BEGIN Records for processing
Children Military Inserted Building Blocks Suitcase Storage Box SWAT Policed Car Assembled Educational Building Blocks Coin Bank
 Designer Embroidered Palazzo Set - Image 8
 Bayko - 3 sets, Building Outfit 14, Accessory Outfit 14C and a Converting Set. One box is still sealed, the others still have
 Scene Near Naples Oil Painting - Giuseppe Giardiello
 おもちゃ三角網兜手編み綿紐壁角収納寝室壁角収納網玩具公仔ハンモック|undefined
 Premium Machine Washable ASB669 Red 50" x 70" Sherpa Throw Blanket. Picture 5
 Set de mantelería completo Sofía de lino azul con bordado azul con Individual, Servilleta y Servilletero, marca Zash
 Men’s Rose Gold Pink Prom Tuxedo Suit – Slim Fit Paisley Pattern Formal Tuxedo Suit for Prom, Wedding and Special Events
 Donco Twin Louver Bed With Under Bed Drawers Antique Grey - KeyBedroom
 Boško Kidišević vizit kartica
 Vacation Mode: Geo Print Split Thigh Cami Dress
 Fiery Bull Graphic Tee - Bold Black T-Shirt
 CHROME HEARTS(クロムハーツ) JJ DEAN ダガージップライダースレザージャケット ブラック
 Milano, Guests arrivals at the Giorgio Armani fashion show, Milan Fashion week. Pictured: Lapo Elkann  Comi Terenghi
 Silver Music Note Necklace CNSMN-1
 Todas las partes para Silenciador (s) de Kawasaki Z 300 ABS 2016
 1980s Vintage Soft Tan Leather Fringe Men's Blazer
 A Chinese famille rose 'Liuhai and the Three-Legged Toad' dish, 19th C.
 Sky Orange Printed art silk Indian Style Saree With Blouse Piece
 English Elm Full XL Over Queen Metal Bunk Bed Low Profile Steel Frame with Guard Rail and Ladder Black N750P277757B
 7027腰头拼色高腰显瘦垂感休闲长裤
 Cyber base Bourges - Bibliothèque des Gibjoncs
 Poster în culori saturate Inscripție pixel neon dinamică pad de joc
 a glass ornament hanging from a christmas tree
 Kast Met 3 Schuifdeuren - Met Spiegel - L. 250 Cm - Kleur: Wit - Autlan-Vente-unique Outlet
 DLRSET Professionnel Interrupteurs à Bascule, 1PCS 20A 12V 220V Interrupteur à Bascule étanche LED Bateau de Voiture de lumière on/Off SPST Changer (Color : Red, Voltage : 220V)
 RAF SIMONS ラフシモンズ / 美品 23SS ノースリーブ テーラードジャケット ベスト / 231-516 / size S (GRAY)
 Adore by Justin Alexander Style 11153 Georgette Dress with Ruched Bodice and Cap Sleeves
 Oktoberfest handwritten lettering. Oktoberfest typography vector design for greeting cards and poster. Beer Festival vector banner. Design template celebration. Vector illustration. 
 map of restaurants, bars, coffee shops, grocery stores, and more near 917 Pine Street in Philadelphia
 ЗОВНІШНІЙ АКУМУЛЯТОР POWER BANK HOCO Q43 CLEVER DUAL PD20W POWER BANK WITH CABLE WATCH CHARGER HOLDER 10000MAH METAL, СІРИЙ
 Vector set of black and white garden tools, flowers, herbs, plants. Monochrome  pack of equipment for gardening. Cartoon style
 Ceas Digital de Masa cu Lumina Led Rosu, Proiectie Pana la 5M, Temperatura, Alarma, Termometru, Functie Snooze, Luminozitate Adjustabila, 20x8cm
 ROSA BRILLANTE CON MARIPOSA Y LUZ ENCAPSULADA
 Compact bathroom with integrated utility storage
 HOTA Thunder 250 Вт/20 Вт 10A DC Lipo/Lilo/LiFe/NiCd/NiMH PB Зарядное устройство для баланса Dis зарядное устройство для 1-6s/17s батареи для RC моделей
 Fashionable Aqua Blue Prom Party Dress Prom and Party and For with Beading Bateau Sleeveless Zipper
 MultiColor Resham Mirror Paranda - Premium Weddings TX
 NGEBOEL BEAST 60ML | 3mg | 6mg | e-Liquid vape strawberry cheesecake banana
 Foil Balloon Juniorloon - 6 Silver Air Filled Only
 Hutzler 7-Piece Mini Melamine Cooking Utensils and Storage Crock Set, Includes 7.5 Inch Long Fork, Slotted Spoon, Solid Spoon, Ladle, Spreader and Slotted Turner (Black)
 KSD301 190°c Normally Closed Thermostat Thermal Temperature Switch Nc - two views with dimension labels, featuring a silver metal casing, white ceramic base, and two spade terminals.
END Records for processing
Aim of the task: From the records above, extract exactly and only the lines that begin at the line with "Oktoberfest handwritten lettering." and stop after the line with "Compact bathroom with".

Output below:
 Oktoberfest handwritten lettering. Oktoberfest typography vector design for greeting cards and poster. Beer Festival vector banner. Design template celebration. Vector illustration. 
 map of restaurants, bars, coffee shops, grocery stores, and more near 917 Pine Street in Philadelphia
 ЗОВНІШНІЙ АКУМУЛЯТОР POWER BANK HOCO Q43 CLEVER DUAL PD20W POWER BANK WITH CABLE WATCH CHARGER HOLDER 10000MAH METAL, СІРИЙ
 Vector set of black and white garden tools, flowers, herbs, plants. Monochrome  pack of equipment for gardening. Cartoon style
 Ceas Digital de Masa cu Lumina Led Rosu, Proiectie Pana la 5M, Temperatura, Alarma, Termometru, Functie Snooze, Luminozitate Adjustabila, 20x8cm
 ROSA BRILLANTE CON MARIPOSA Y LUZ ENCAPSULADA
 Compact bathroom with integrated utility storage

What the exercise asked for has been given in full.